Position of the States

Continuing their attacks on the multilateral system, the United States left the Human Rights Council last year (June 2018) and no longer participates in the work of the Intergovernmental Working Group on the Right to Development.

Japan clearly opposed the development of a legally binding international instrument on the right to development, threatening to leave the Working Group.

The European Union, while participating in the work of the Working Group, opposes the Sustainable Development Goals to the right to development.

Made up of more than 120 states, the non-aligned movement mainly includes the countries of the South. It is this movement that advocates, with the notable support of China, the adoption of a legally binding international instrument on the right to development and is the main actor of the Working Group.

The challenges

As mentioned above, for the European Union, the Sustainable Development Goals are preferable to the right to development. What do we mean by this?

Firstly, presented as the solution to all the ills of society (poverty, famine, discrimination, health, education, etc.), the Sustainable Development Goals are only “Goals”. There is therefore no way to compel states to commit to their implementation.

Secondly, the Sustainable Development Goals do not challenge the current economic and trade policies that are at the root of poor development. Indeed, you need only look at the dizzying growth of inequalities in the world. Moreover, year after year, the figures from specialized UN agencies remain alarming: the number of people suffering from hunger and malnutrition is close to one billion; double that do not have access to drinking water and/or adequate housing; 4.5 billion are deprived of “safely managed sanitary facilities”; more than 60% of the 3.3 billion people work in the informal sector and do not have job security … This shows, if need be, the obvious failure of the development model in place for several decades.

Thirdly, states rely on the private sector (read: transnational corporations) to achieve these goals. Yet the problems posed by most of these entities, motivated solely by immediate and maximum gains, are aplenty. Starting with the lack of respect for human rights, standards on labour and the environment. Furthermore, to maximize profits and avoid prosecution, transnational corporations resort to complex legal arrangements, making it difficult to trace the chain of accountability. Worse yet, these entities have become a threat to democracy, state sovereignty and the right of peoples to decide their future5.
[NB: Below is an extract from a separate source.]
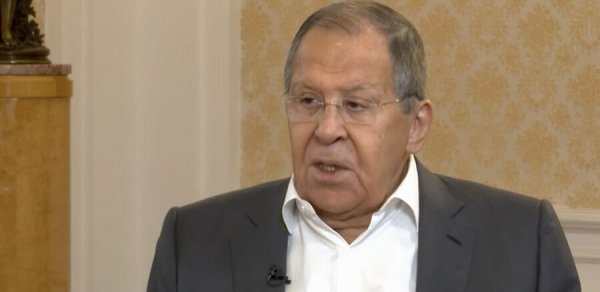 Lavrov Makrona cavab verib: Fransızlar yaxşı bilir ki, müstəmləkəçilik nədir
Fourth, it is a safe bet that the Sustainable Development Goals will not be attained much like the Millennium Goals if there is no radical change in neo-liberal policies in force.6

Five, so-called “development” aid from the North is linked. In other words, what is given with one hand is taken from the other, without necessarily corresponding to the needs of the populations concerned.

In this context, the right to development, apart from the fact that it is a recognized human right, establishes an alternative approach. Indeed, this right is not limited to the economic field, but also includes social, cultural and political development. Individuals and peoples are both the subject of this right and the central actors in shaping policies and programs for its realization. The right to self-determination and the sovereignty of peoples over their resources and their future, which are essential conditions for the very existence of any community, are at the heart of the right to development.


As we have just seen, although at a majority in the United Nations, the non-aligned movement faces opposition from Western states and their allies. The negotiations on this crucial issue are predicted to be tough. There are also real risks that the future binding instrument will be devoid of actual content in the interests of consensus. One might also wonder if this is a good time for such negotiations, given the rise of reactionary political parties and/or governments around the world. That said, if we consider that the struggle for the rights and the development of peoples is permanent, there is no respite. It is also expected that the adoption of a binding instrument in this area will not only lead States to cooperate in good faith, but also to stop creating obstacles to the right to development by adopting unfair international economic and trade rules.

1 For further information, please refer to the publication “The right to development”, Melik Özden, ed. CETIM, Geneva, June 2007, available in three languages ​​(French, English and Spanish) and downloadable free of charge here.

2 See resolution 1998/72, adopted without a vote on 22 April 1998.

3 See Resolution 39/9 of the Human Rights Council, adopted on 27 September 2018 by 30 votes in favour, 12 against and 5 abstentions.

5 For further information and analysis, see “Transnational corporations’ impunity”, Melik Özden, ed. CETIM, Geneva, March 2016, available in three languages ​​(French, English and Spanish) and downloadable free of charge here.

6 In this regard, refer to the book “Quel développement? Quelle coopération internationale?”, Tamara Kunanayakan et al., Co-publication CETIM, CRID, CNCD, Geneva, 2007.